Once the data set was developed using GIS tools, the GIS aspect of the project was complete. The remainder of the project involved the use of the resulting table of data to build a predictive model. As this is primarily a GIS report, I will give only a summary of what was done in the model development phase of the project. First, the decision was made to drop all but three of the landuse categories as predictors. This is becuase the dropped landuses were not present in many of the subwatersheds (e.g. "tundra"). The landuses which were included in the model development were forest, agriculture and rangeland (as described previously). In addition to these predictors, total area and elevation were also allowed to enter the model. The statistical package, S-Plus was used to develop and test linear models using these predictors and mean total phosphorous as the predictee. A series of models were developed in S-Plus and were compared using analysis of variance (ANOVA) and by examining the R^2 value of each model fit. The result of this activity was a series of multiple regression models, the best of which is a model based on the log transform of the mean total phosphorous data and untransformed predictors with five outlier data points removed. This model had an R^2 fit of 0.826 and takes the following form:

log(MEANTP) = -7.95 + . 0.218 * Agriculture + 0.109 * Rangeland - 0.011 * Forest + 0.001 * Agriculture * Rangeland - 0.008 * Agriculture * Forest + 0.002 * Rangeland * Forest

The model produced from untransformed data does not fit the data very well. This is reflected by the poor R^2 (0.399) value obtained in this model run. It appears from a plot that the model does a much better job at predicting small values of total phosphorous than it does larger values of total phosphorous. This information indicated that a transformation of the data may be helpful. The second and third transformations showed similar results - the fit is better but there is still a large amount of spread.
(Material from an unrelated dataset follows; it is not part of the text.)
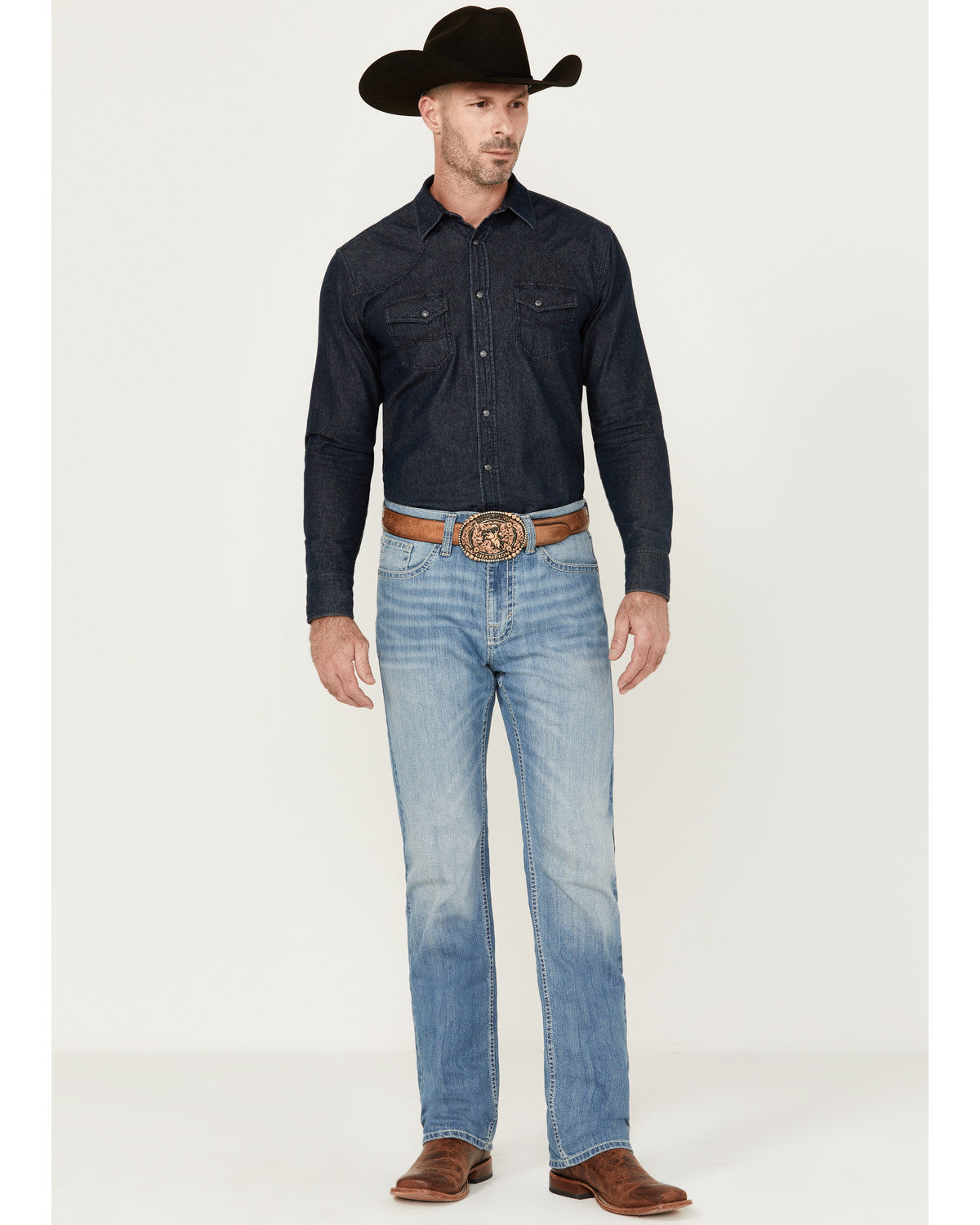Men's Clovehitch Wash Jackson Slim Straight Stretch Denim J | Cody James Clothing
Removing the five extreme values (as mentioned above) decreased the spread and improved the fit

Regression results showed that a very significant amount of the variation in the total phosphorous data can be explained using the simple linear model shown above. Log-Transfomation of the data tended to produce better results than the untransformed data The best model appeared to be the log-transformed TP vs. untransformed variables (R2 = 0.621) Removing extreme values improved R2 to 0.826

Using this model, I tested a set of data that was not used in the model development. Results on this test data set ranged from an R^2 of 0.35 to 0.661 depending on whether the complete model (including very small terms) was used, or just the model shown above, as well as whether or not the model using the five outliers was used or not. The reason that the model did not fit the prediction set as well as the fitting set is likely due to the fact that the uncertainty about the test set was greater than that about the fit set because the test set were all based on fewer than 10 measurements, while the fit set were sites with greater than 10 measurements.

Based on the relative magnitudes of the coefficients in the best model it is evident that the most important variables are percent agriculture, percent forest, percent rangeland, elevation, the combined effect of percent agriculture and percent rangeland, and percent agriculture and percent forest (elevation was not important). Additional predictees (soil type, geology, average precipitation, etc.) may improve the predictive power of the model by explaining more of the total variation in the total phosphorous data. Give these model results, it is clear that a regional predictor model for water quality may be a very practical tool. The use of these additional predictors, and a better experimental design will likely facilitate a clearer argument for such a model.